Friday, June 17, 2011

touch sensitive - pressure sensitive - heat or pen

Oooh look at my new precious - a shiny new device has arrived, but which kind of 'touch' is it?

Touchscreen - heat sensitive - Samsung Galaxy and Apple:

Promising a revolution in 'touch sensitivity', these devices work by detecting 'heat' from your finger.

Supposedly this allows for greater accuracy, but there are caveats.


Touchscreen - pressure sensitive - TomTom and Nokia N5800

Great for general use and most devices, however you probably will not be happy if you are a pinch zoomer*.


Also used by Nintendo DS gaming systems.


*pinch zoomers is just my way of labeling folks who use portable devices, that make extensive use of touch gestures, rather than just point and press.


Stylus / Pen / Nintendo DS pen:

Touchscreens get dirty, touchscreens get greasy fingerprints

My father likes to keep his touchscreen pristine, and often prefers to use a plastic stylus, to press the selections on his SatNav.


Pros and cons - pressure sensitive versus heat sensitive:

Cleanliness and hygiene - students pay attention:

Fingers leave greasy, germ ridden prints on touch screens - try leaving your touchscreen uncleaned for a month and take a good look.

Put the bag of crisps down, before you go playing your phone / tablet, and wash the grease off before you go to 'touching'

Grease, the sort of cooking oil you find in crisps and fried snacks, is probably an ideal medium, for germs to stick to a contact surface ( keyboard / touchscreen ).

Pressure sensitive:
  • Can (generally) use a wider range of screen protectors*
  • Allow the use of pens / stylus**
  • If you are in a hurry to answer the phone, you can probably get by without taking your glove off.
  • Can be thrown off by particles and grit, that might gather, where the screen and bezel meet.
Heat sensitive:
  • Only very thin screen protectors are advised, so as to not block heat transmission
  • Older folks might find the screen less accurate / responsive.
  • Generally a little dirtier - as you are pretty much discouraged from using an inanimate object, rather than your finger to do the 'touching'
  • Where the screen is particularly crowded, might increase the chance of a correct selection (folks with ideal circulation)

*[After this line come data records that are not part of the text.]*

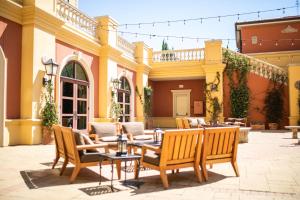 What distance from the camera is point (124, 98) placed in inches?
568

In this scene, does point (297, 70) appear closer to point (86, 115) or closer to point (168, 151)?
point (86, 115)

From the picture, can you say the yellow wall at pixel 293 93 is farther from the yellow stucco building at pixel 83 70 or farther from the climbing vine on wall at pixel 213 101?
the climbing vine on wall at pixel 213 101

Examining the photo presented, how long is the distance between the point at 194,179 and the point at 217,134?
802 millimetres

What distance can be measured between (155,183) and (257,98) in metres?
13.0

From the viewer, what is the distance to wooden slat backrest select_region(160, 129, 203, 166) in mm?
4016

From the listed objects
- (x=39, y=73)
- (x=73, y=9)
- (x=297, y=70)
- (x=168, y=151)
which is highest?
(x=73, y=9)

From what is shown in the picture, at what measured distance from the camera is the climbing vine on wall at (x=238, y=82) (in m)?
15.4

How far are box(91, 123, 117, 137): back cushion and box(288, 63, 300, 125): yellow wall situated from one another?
37.4ft

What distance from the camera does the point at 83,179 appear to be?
14.4 ft

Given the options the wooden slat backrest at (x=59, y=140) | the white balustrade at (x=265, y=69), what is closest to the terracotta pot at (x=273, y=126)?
the white balustrade at (x=265, y=69)

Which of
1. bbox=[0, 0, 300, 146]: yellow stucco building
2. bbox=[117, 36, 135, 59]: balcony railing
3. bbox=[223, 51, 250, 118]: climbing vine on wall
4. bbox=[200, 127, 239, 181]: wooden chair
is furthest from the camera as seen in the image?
bbox=[223, 51, 250, 118]: climbing vine on wall

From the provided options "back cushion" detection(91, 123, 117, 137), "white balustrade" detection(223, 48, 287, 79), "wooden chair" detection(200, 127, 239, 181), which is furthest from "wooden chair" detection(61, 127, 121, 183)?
"white balustrade" detection(223, 48, 287, 79)

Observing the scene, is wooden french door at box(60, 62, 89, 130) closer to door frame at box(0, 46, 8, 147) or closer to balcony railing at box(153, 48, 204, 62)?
door frame at box(0, 46, 8, 147)

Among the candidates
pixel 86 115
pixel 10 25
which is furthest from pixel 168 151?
pixel 86 115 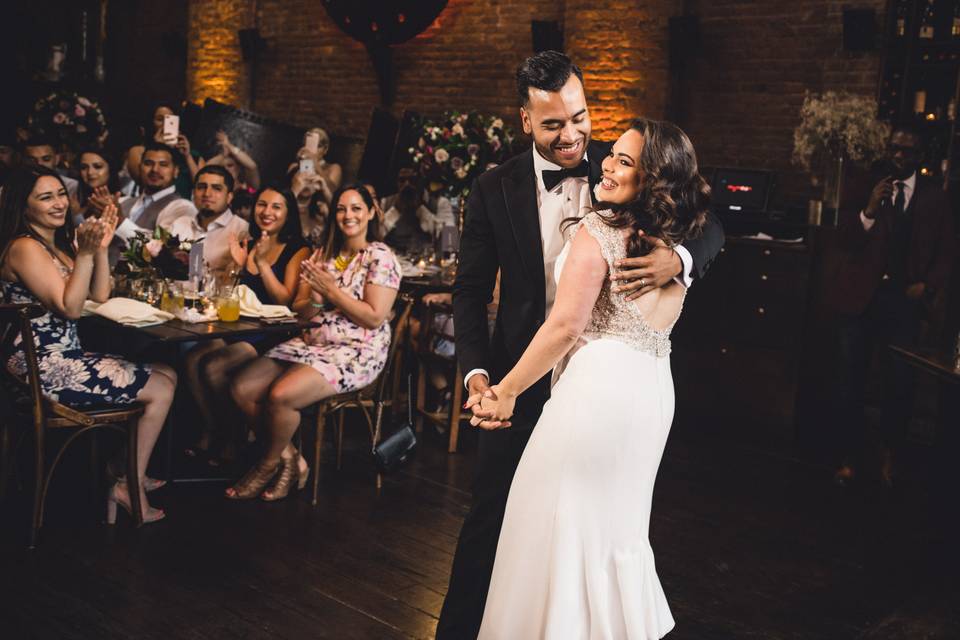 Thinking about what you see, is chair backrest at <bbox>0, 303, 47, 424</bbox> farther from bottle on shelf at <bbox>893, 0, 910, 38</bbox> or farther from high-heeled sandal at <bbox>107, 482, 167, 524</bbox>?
bottle on shelf at <bbox>893, 0, 910, 38</bbox>

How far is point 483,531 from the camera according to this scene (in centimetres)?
249

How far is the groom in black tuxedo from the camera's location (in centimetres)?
243

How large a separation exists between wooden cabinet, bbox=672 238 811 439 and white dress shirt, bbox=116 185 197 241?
10.2 ft

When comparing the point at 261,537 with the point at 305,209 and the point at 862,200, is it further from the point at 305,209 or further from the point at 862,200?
the point at 305,209

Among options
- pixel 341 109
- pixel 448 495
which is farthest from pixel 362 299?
pixel 341 109

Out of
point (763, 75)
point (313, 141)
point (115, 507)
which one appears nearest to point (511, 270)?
point (115, 507)

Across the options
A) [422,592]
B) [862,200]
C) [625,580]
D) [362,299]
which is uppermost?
[862,200]

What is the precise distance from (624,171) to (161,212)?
4.24 metres

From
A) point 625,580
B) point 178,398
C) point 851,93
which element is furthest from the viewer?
point 851,93

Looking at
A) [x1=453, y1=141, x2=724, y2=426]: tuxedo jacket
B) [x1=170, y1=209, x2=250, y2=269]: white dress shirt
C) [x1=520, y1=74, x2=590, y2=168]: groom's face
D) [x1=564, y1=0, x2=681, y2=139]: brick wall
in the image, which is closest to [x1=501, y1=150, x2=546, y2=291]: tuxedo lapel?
[x1=453, y1=141, x2=724, y2=426]: tuxedo jacket

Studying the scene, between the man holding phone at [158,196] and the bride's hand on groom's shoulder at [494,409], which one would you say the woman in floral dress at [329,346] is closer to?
the man holding phone at [158,196]

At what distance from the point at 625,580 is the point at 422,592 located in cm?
118

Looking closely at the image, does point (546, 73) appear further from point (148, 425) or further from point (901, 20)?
point (901, 20)

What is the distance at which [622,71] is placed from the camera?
7105mm
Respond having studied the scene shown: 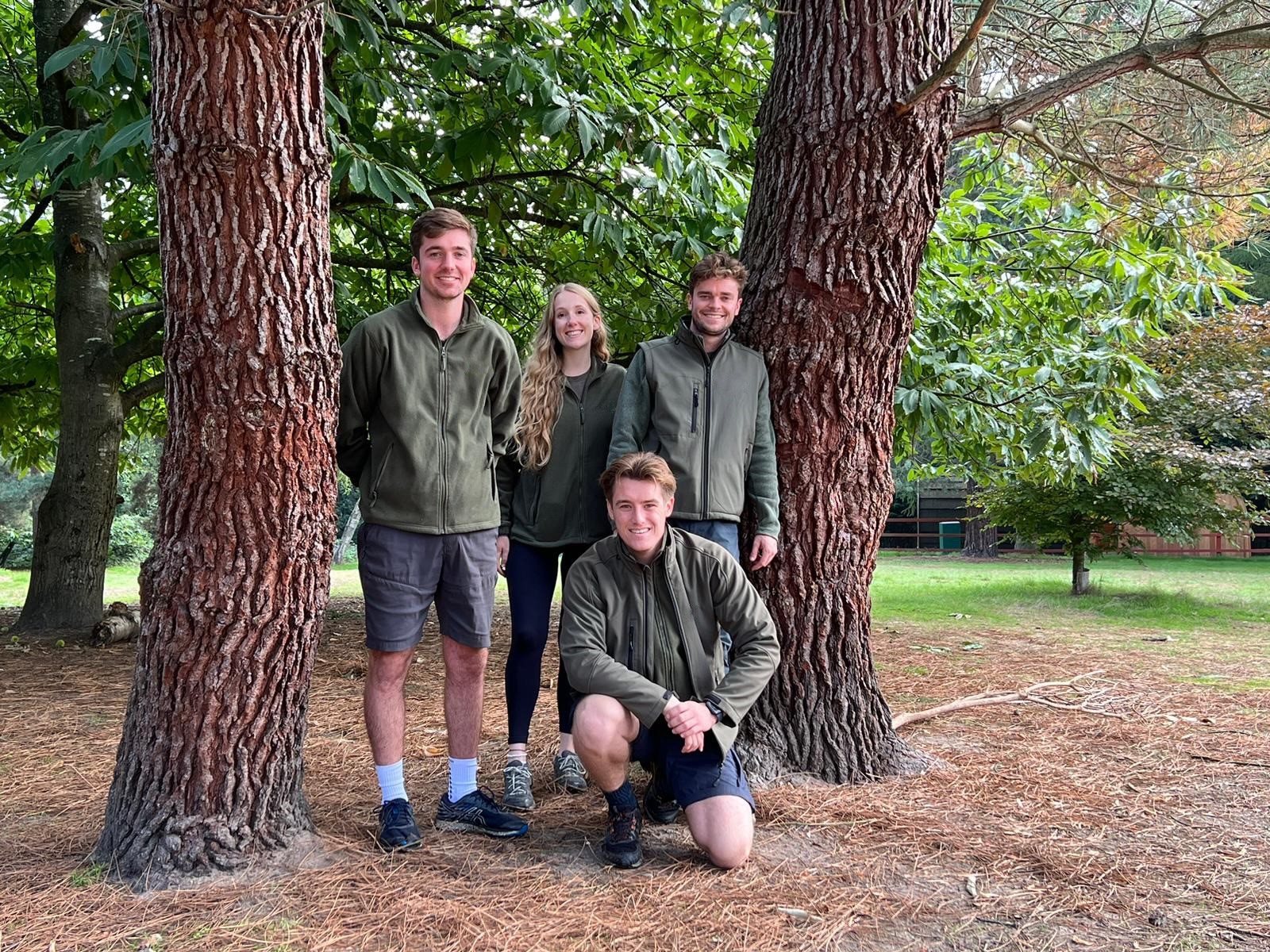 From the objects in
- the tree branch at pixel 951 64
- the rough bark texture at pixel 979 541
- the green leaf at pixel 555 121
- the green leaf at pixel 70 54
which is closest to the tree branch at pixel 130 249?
the green leaf at pixel 70 54

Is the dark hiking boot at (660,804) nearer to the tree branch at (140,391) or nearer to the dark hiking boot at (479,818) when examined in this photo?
the dark hiking boot at (479,818)

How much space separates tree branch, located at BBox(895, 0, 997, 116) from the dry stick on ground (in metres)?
2.55

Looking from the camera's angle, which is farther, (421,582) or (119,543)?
(119,543)

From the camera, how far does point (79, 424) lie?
742 cm

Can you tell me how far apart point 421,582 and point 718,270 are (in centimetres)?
150

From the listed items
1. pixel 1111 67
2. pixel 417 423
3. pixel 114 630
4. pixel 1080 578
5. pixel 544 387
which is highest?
pixel 1111 67

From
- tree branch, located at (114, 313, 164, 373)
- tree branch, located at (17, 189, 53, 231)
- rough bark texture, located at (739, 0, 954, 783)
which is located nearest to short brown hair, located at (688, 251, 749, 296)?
rough bark texture, located at (739, 0, 954, 783)

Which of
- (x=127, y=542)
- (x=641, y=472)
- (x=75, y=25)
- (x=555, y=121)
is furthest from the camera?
(x=127, y=542)

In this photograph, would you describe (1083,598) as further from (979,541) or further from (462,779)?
(979,541)

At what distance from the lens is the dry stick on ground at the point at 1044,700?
15.4 ft

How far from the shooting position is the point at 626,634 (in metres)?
3.05

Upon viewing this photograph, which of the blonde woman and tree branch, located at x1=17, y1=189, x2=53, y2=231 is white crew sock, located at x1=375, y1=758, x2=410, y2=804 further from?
tree branch, located at x1=17, y1=189, x2=53, y2=231

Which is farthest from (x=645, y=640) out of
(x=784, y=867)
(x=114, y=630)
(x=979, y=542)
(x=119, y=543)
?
(x=119, y=543)

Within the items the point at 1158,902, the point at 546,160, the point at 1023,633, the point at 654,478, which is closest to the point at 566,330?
the point at 654,478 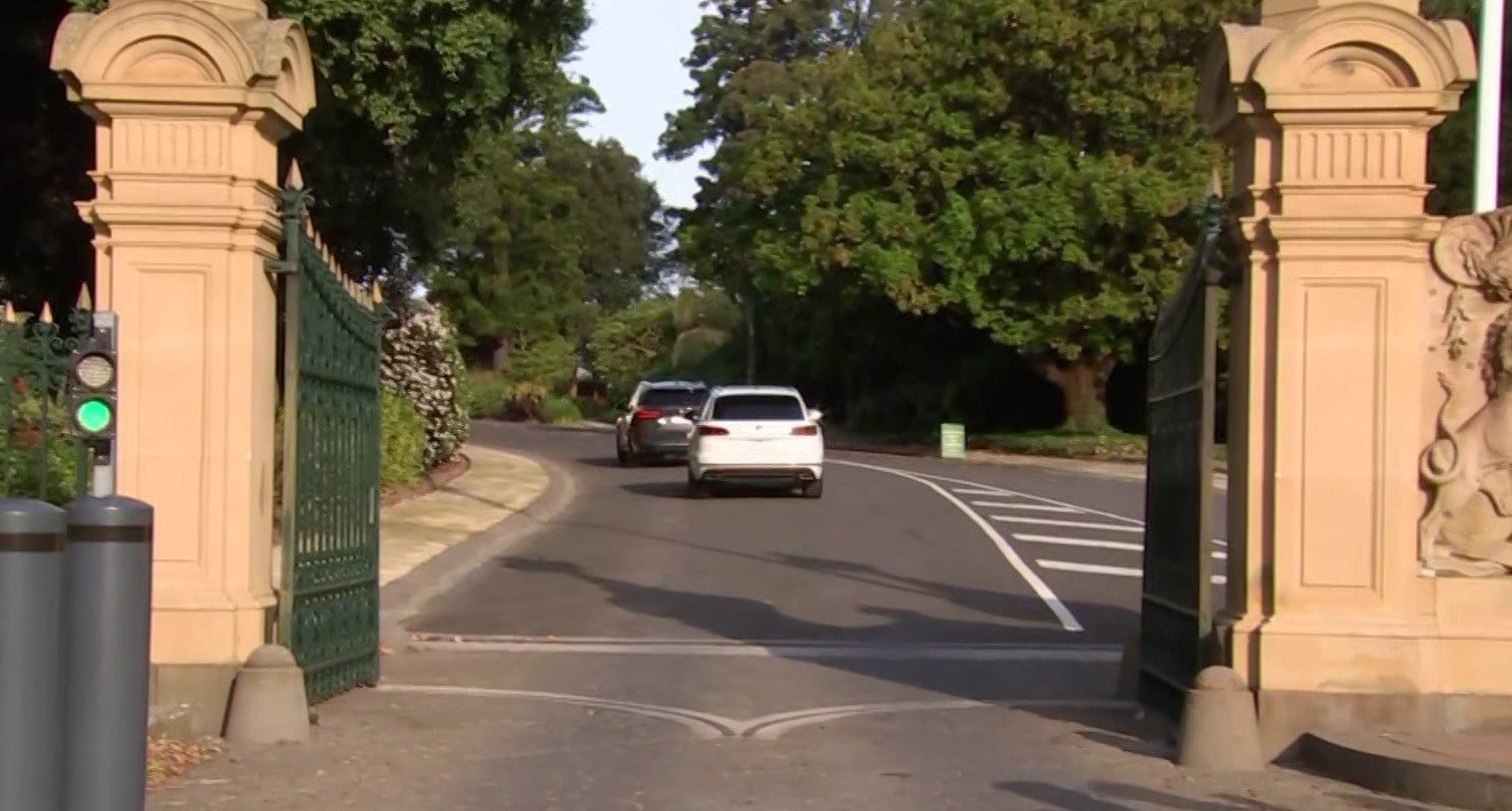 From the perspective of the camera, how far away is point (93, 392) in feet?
28.7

As you get older your circulation reduces very gradually.
Extremities are usually worst affected, and that means fingers and toes. Any reduction in heat in the fingertips, will affect the ability of a heat sensitive touchscreen to respond correctly.


*screen protectors can be slightly thicker if your touchscreen is working on pressure.

**anything roughly pen shaped and non-sharp will do really, and quite often I'll use the wrong end of a biro.

Using the ink end of a biro or ink pen nib on a touchscreen is a bad idea, however the blunt non-writing end is sometimes okay.

Earlier I mentioned students ... in communal IT suites and learning resources, there are often free access computers. The keyboards (and no doubt soon touchscreens) have been used by johnny random and jillian surly.

Do johnny and jillian wash their hands in the toilet, or are they head in the clouds type, too lazy to bother, or too distracted to remember.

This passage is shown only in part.